Assignment
Copying each record below exactly is the whole task.

Input
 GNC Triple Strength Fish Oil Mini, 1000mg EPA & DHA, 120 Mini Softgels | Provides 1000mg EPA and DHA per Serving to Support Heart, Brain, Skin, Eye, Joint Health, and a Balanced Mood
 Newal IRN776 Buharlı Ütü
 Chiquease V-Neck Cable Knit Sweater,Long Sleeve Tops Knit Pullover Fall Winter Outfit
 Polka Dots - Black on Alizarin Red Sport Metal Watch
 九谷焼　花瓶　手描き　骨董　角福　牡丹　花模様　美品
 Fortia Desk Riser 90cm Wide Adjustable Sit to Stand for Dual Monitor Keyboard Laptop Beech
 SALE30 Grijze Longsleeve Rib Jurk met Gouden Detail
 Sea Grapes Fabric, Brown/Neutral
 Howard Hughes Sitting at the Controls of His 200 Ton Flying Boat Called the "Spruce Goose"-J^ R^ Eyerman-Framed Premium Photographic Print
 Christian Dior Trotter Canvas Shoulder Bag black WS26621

Written solution
 GNC Triple Strength Fish Oil Mini, 1000mg EPA & DHA, 120 Mini Softgels | Provides 1000mg EPA and DHA per Serving to Support Heart, Brain, Skin, Eye, Joint Health, and a Balanced Mood
 Newal IRN776 Buharlı Ütü
 Chiquease V-Neck Cable Knit Sweater,Long Sleeve Tops Knit Pullover Fall Winter Outfit
 Polka Dots - Black on Alizarin Red Sport Metal Watch
 九谷焼　花瓶　手描き　骨董　角福　牡丹　花模様　美品
 Fortia Desk Riser 90cm Wide Adjustable Sit to Stand for Dual Monitor Keyboard Laptop Beech
 SALE30 Grijze Longsleeve Rib Jurk met Gouden Detail
 Sea Grapes Fabric, Brown/Neutral
 Howard Hughes Sitting at the Controls of His 200 Ton Flying Boat Called the "Spruce Goose"-J^ R^ Eyerman-Framed Premium Photographic Print
 Christian Dior Trotter Canvas Shoulder Bag black WS26621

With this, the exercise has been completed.